Content starts

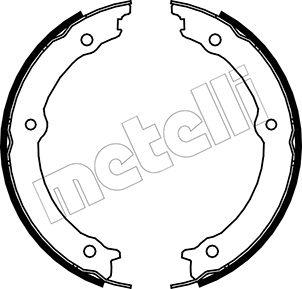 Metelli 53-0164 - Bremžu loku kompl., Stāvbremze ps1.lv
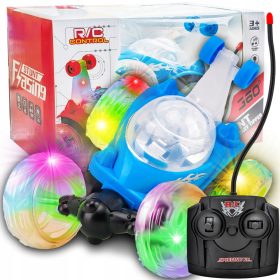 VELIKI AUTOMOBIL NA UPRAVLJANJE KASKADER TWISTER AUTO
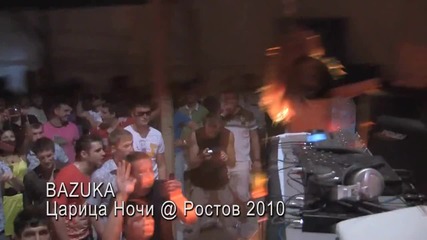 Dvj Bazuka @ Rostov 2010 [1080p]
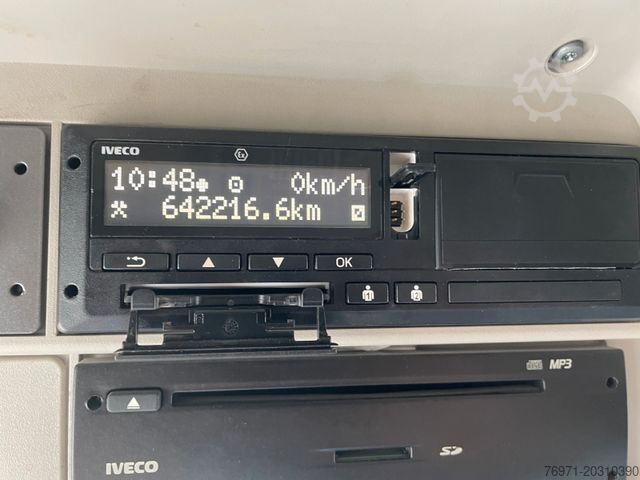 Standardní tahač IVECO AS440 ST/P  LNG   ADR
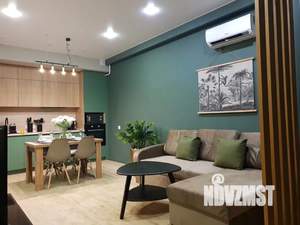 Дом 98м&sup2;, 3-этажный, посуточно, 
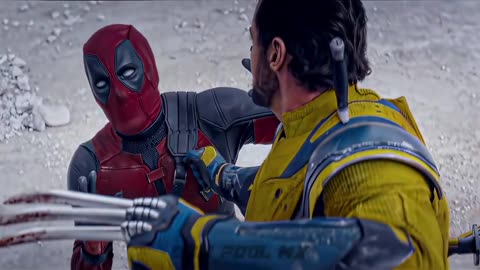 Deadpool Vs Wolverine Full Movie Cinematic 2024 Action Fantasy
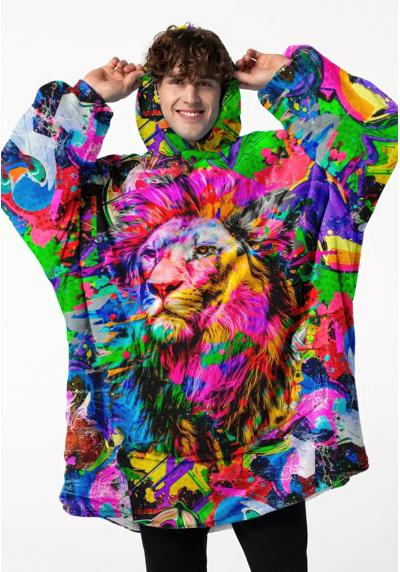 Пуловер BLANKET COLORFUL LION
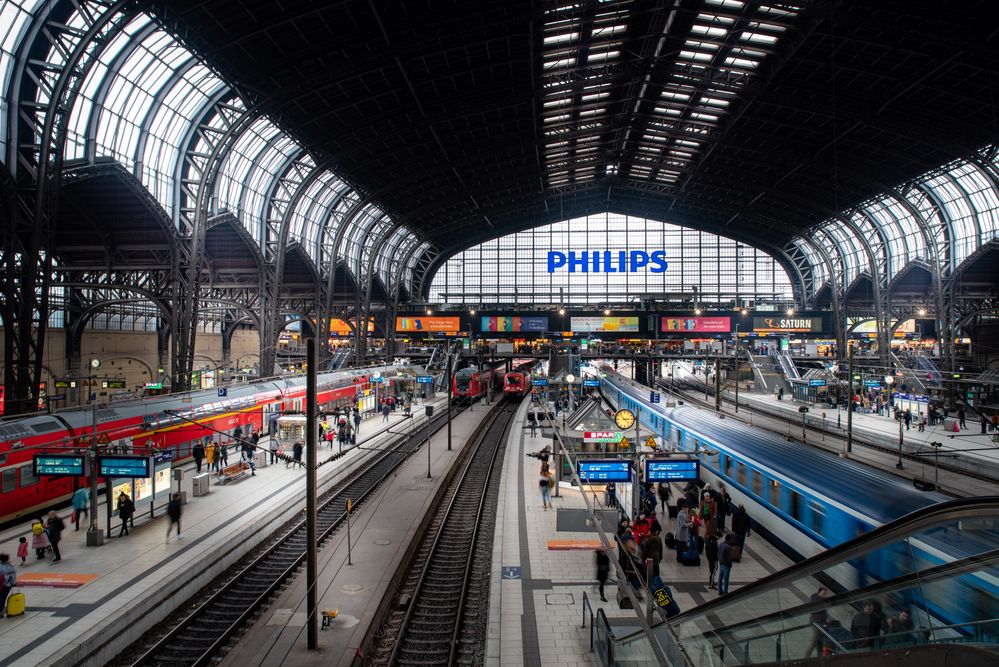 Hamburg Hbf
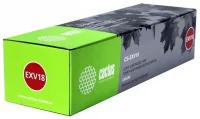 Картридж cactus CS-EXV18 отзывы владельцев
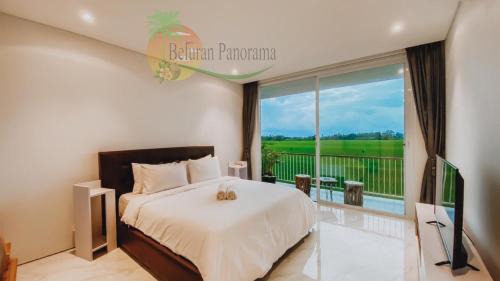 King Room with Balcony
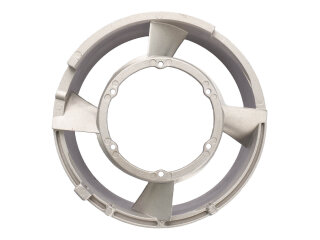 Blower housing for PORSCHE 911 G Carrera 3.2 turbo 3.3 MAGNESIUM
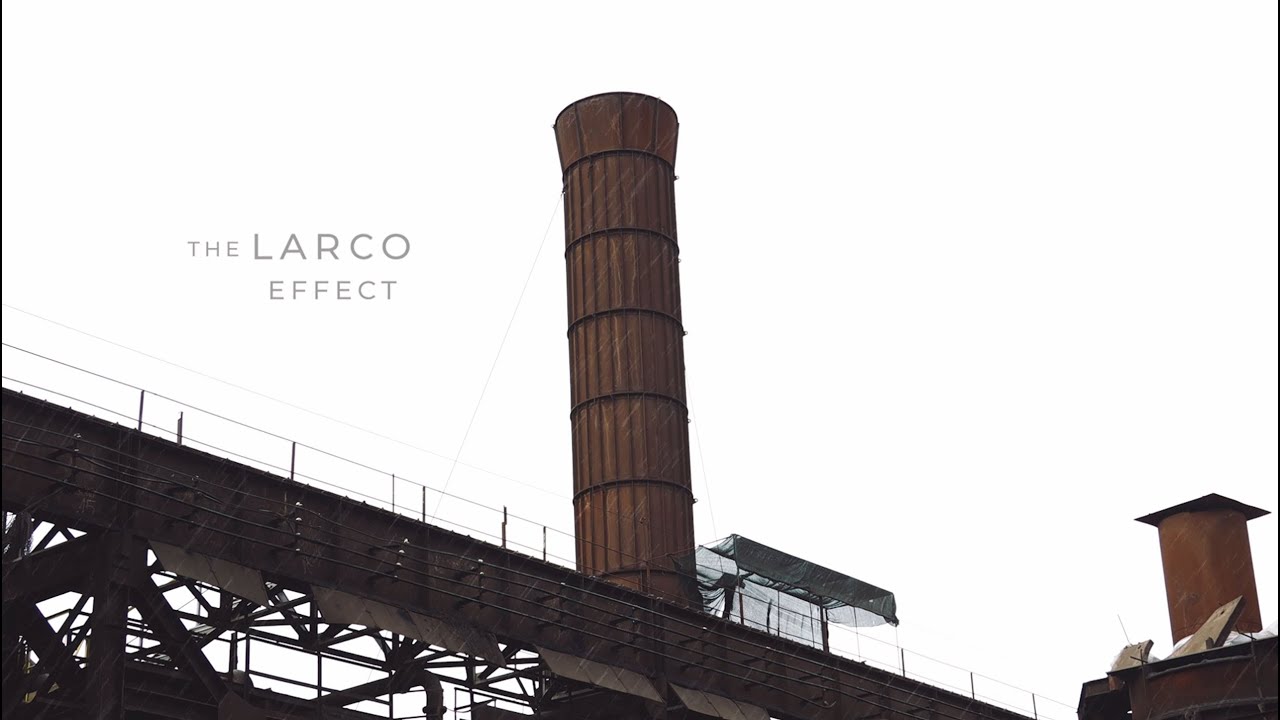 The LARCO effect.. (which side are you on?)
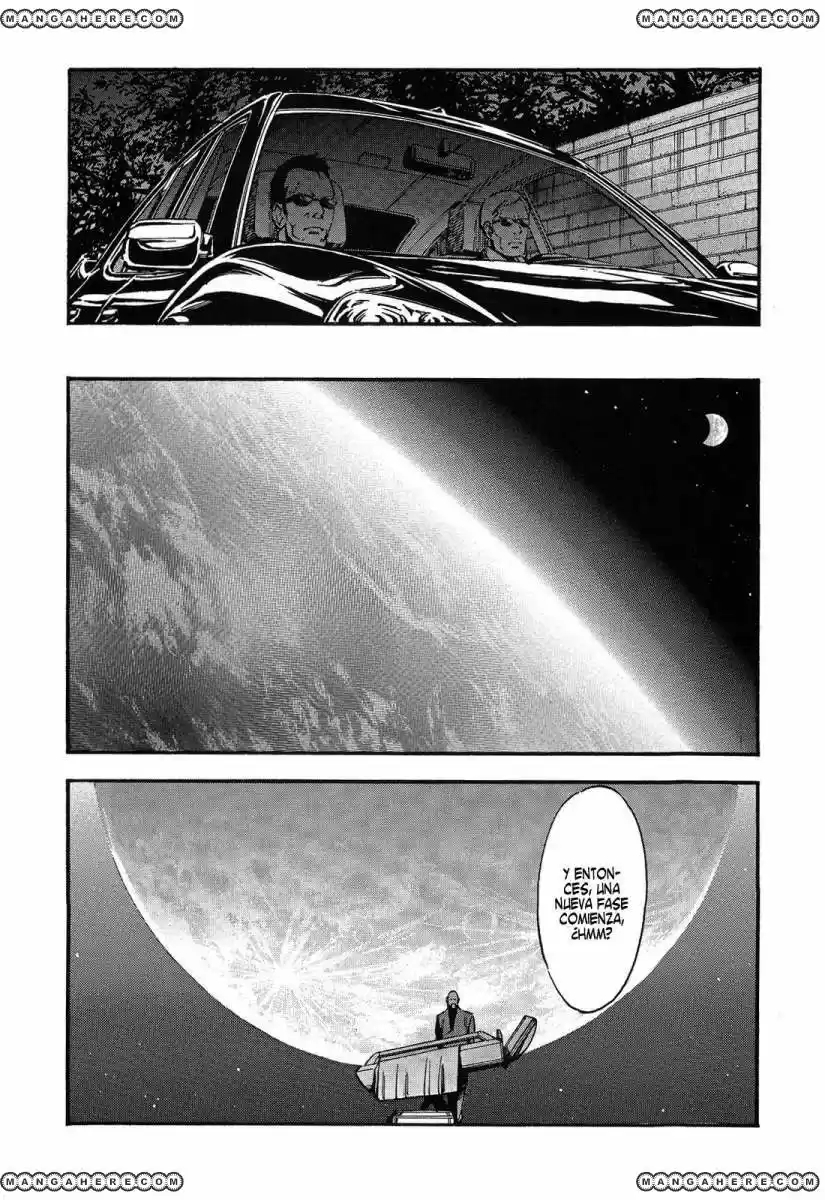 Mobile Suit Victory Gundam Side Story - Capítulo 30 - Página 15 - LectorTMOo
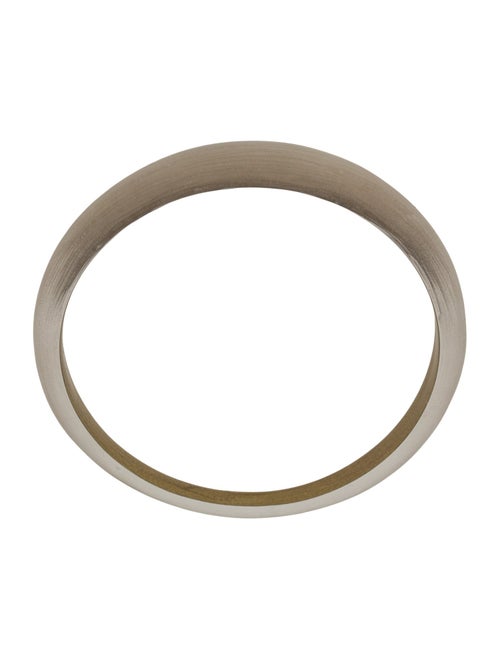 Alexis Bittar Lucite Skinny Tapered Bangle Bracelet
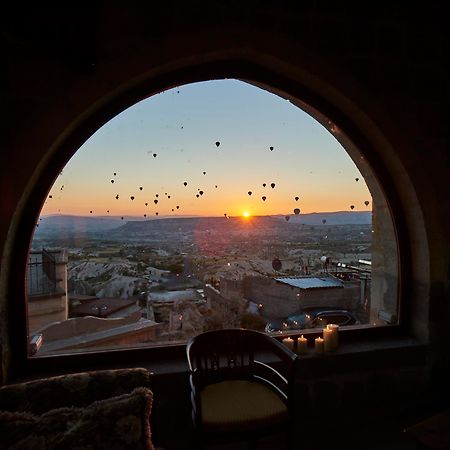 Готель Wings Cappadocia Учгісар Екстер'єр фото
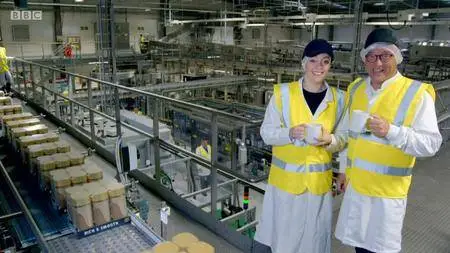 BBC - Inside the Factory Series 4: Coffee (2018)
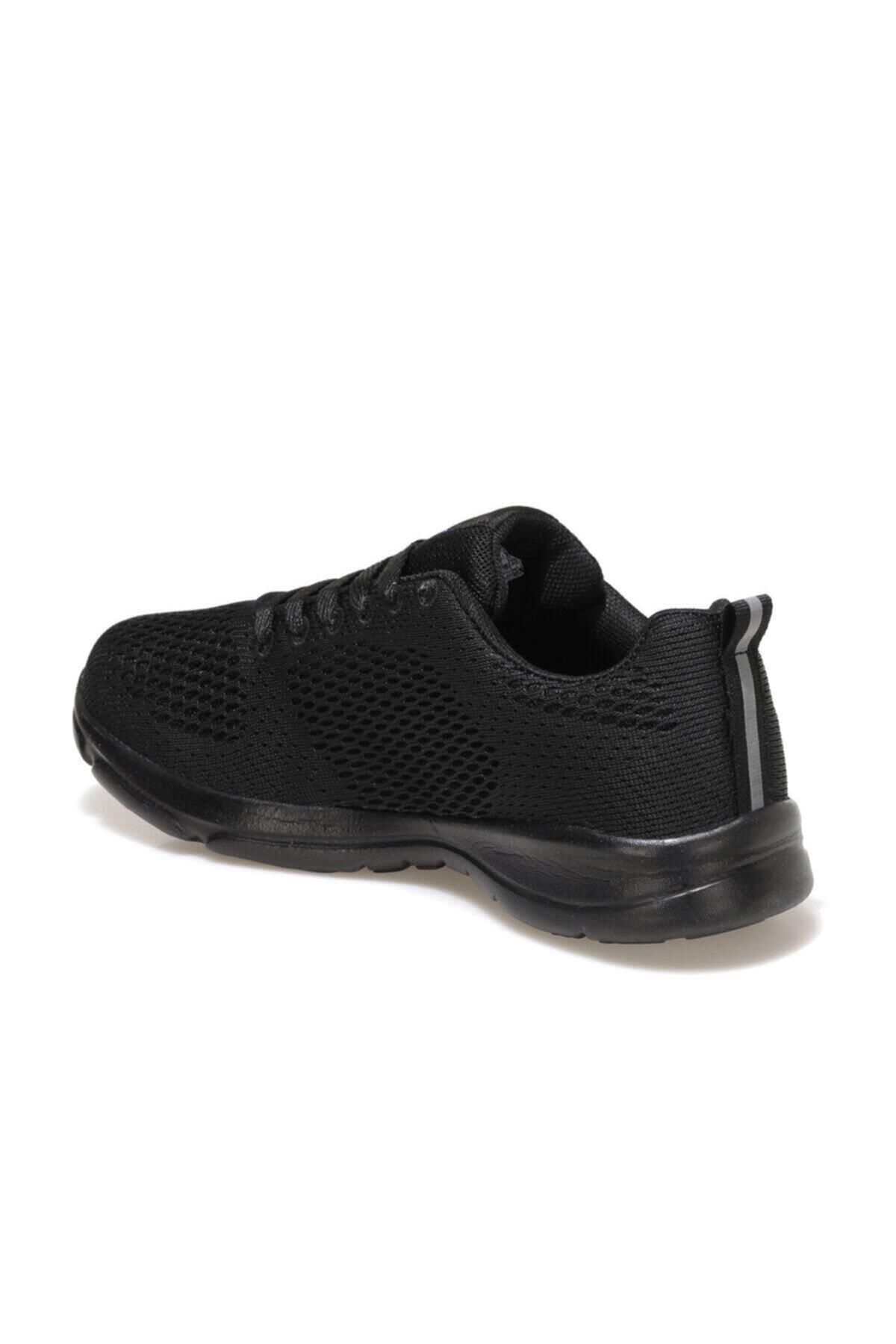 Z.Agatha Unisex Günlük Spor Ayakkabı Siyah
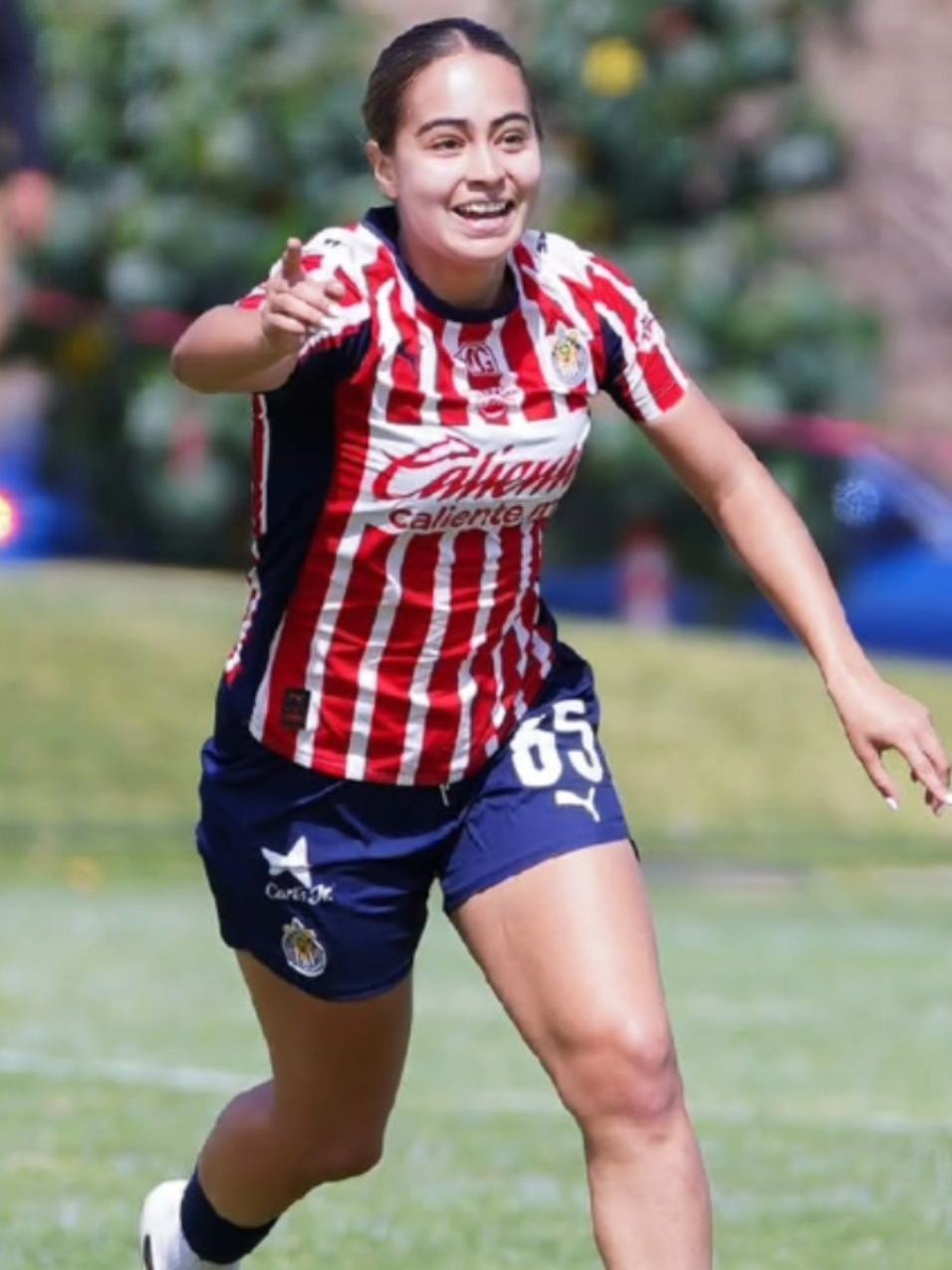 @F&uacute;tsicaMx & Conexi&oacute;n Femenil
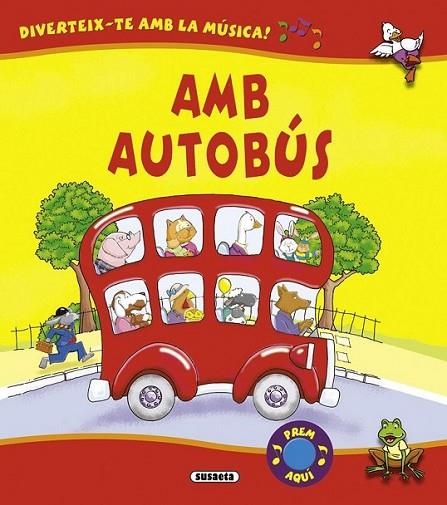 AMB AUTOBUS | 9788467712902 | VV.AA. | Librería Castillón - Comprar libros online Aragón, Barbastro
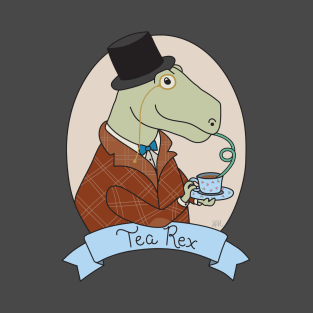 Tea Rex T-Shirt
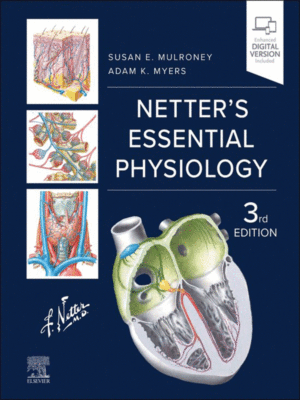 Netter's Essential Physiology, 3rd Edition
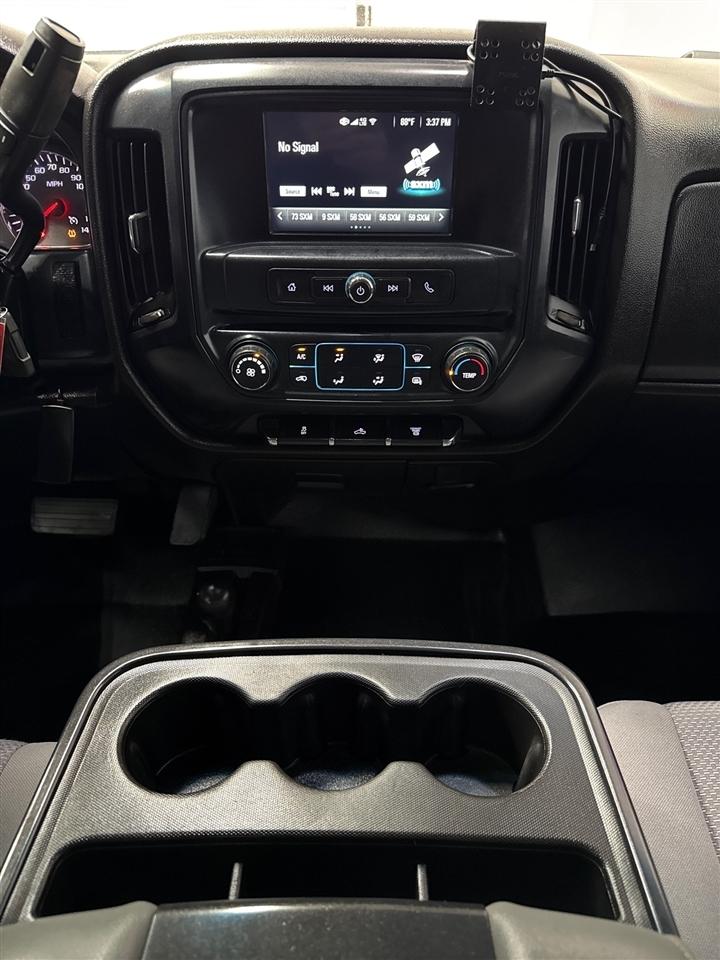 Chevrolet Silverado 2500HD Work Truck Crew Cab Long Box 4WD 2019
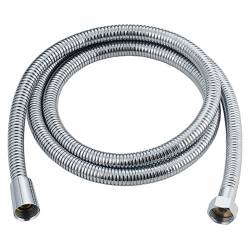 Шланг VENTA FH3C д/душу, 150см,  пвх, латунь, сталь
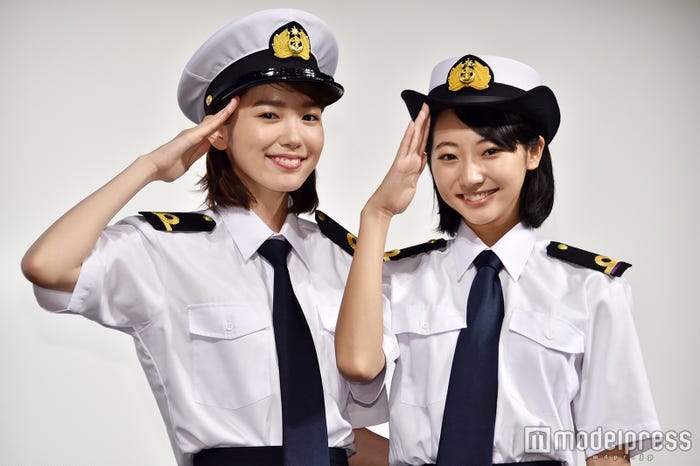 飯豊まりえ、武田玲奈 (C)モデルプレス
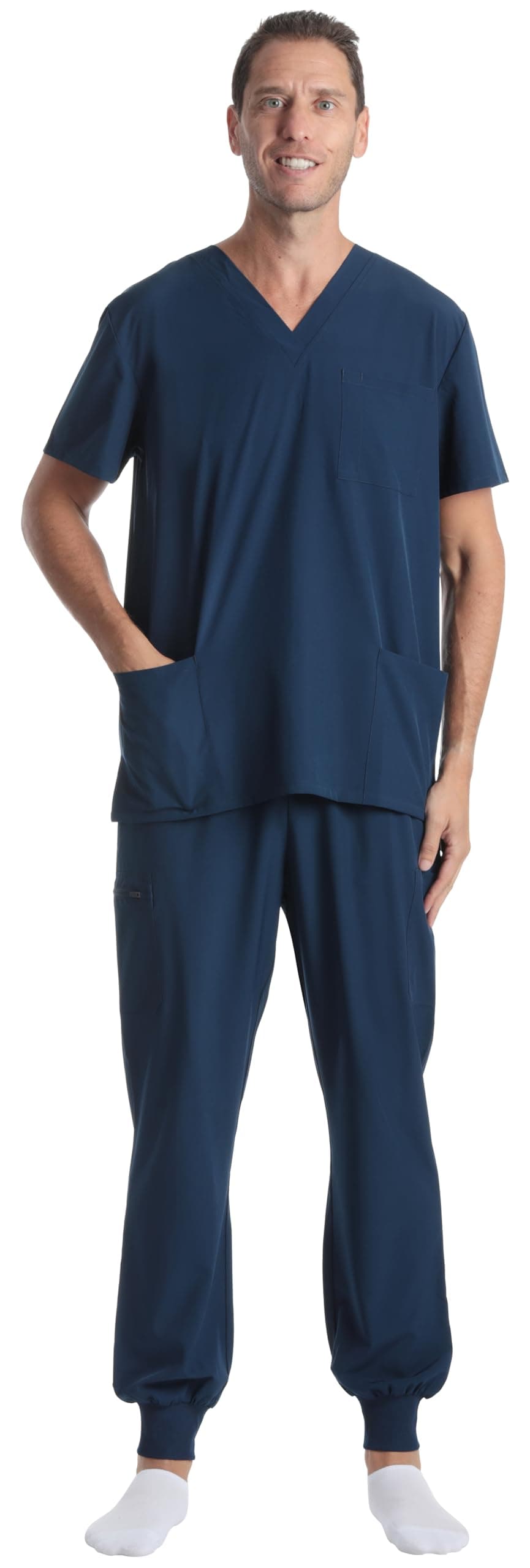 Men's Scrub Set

Content ends

Exercise brief »
Write out nothing but the lines from the start of the data through the line with "Z.Agatha Unisex Günlük Spor Ayakkabı Siyah". Leave out the pictures.

Answer box »
 Metelli 53-0164 - Bremžu loku kompl., Stāvbremze ps1.lv
 VELIKI AUTOMOBIL NA UPRAVLJANJE KASKADER TWISTER AUTO
 Dvj Bazuka @ Rostov 2010 [1080p]
 Standardní tahač IVECO AS440 ST/P  LNG   ADR
 Дом 98м&sup2;, 3-этажный, посуточно, 
 Deadpool Vs Wolverine Full Movie Cinematic 2024 Action Fantasy
 Пуловер BLANKET COLORFUL LION
 Hamburg Hbf
 Картридж cactus CS-EXV18 отзывы владельцев
 King Room with Balcony
 Blower housing for PORSCHE 911 G Carrera 3.2 turbo 3.3 MAGNESIUM
 The LARCO effect.. (which side are you on?)
 Mobile Suit Victory Gundam Side Story - Capítulo 30 - Página 15 - LectorTMOo
 Alexis Bittar Lucite Skinny Tapered Bangle Bracelet
 Готель Wings Cappadocia Учгісар Екстер'єр фото
 BBC - Inside the Factory Series 4: Coffee (2018)
 Z.Agatha Unisex Günlük Spor Ayakkabı Siyah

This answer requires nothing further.